TQTQliu / MVSGaussian

[ECCV 2024] MVSGaussian: Fast Generalizable Gaussian Splatting Reconstruction from Multi-View Stereo
https://mvsgaussian.github.io/
MIT License
379 stars 19 forks source link

Issues on two-stage cascaded framework #4

Closed Yef-Huang closed 2 months ago

Yef-Huang commented 4 months ago

Great work! Are the number of sampling points in your NeRF module the same as the number of points in 3DGS, or are they the same points? Is the number of sampling points in the final level 2? Is the first level used only for depth estimation and does not introduce 3DGS? How do you handle the density of Gaussian points—are they predicted through MLP or mapped using PDF?

chenll12345 commented 4 months ago

I have the same questions too.

TQTQliu commented 4 months ago

@Yef-Huang @chenll12345 Thanks for your interest.

  1. Yes,they are the same points.
  2. The number of sampling points in the final level is 1, where a pixel corresponds to only a 3D point.
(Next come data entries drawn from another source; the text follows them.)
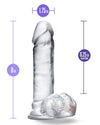 B Yours Diamond - Glimmer - Clear-Dildos & Dongs-Blush Novelties-Andy's Adult World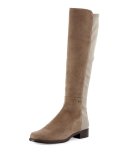 50/50 Suede Over-the-Knee Boot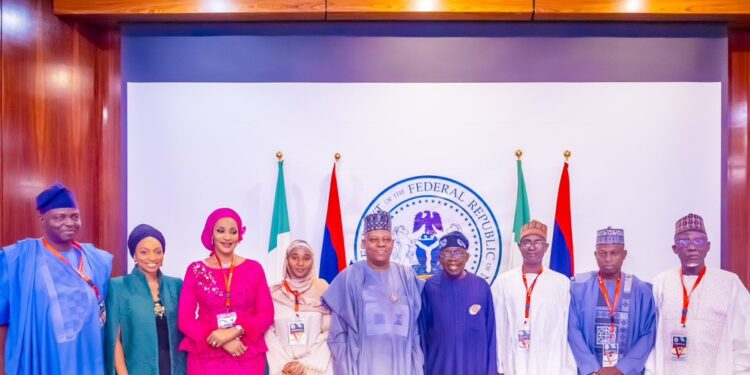 President Tinubu swears in seven new ministers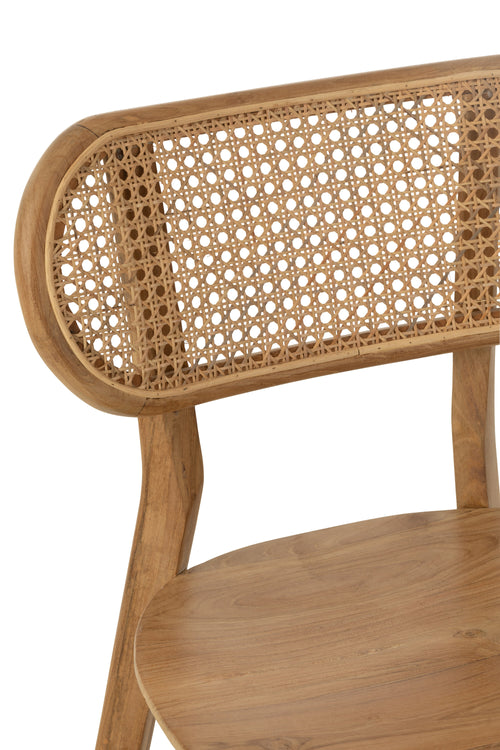J-Line stoel Pinda - teak hout - naturel
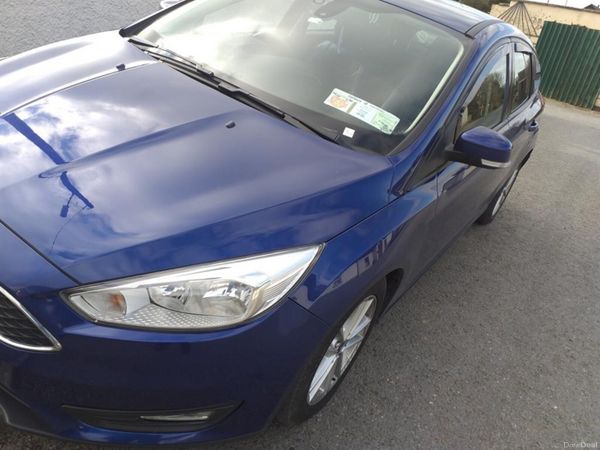 Ford Focus Hatchback, Diesel, 2017, Blue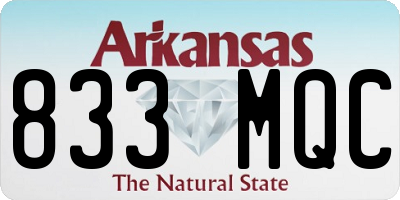 AR license plate 833MQC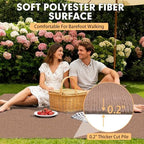 Grefinity Marine Carpet, 6 FT x 14 FT Light Brown Indoor Outdoor Carpet - Image 4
We also discuss the case where the number of sampling points is 2 in the appendix.
  3. During training, in the first level, we still establish the pixel-aligned Gaussain representation and then render low-resolution views, which are supervised by the downsampled low-resolution ground-truth views to boost the depth estimation. During testing, the first level is used only for depth estimation and not produces low-resolution views.
  4. The density of Gaussian points is predicted from features through MLP.
chenll12345 commented 4 months ago

@TQTQliu Thank you for your very detailed answer, I understand everything! Do you think it is necessary to introduce 3DGS in the first layer? Or do you want to introduce some loss? The purpose of the first level is depth estimation, so can introducing 3DGS bring any benefits to depth estimation? If it doesn't bring any benefits, wouldn't it be better to remove the 3DGS network from the first level?

TQTQliu commented 4 months ago

@chenll12345 Yes, the introduction of 3DGS in the first layer to render low-resolution views is necessary, and the introduction of loss between low-resolution rendered views and GT is beneficial for depth estimation. Because I did an experiment to remove the GS rendering part of the first stage, and found that the final view quality metrics and depth accuracy would decrease (I did not present this ablation experiment in the paper). In addition, since we only introduce GS rendering in the first level during the training phase, we did not use it when testing or inference, so this does not affect the inference time.

chenll12345 commented 4 months ago

Thank you for your response. I sincerely hope that this excellent work will be open-sourced.

TQTQliu commented 2 months ago

Thanks for your attention, the code has been released.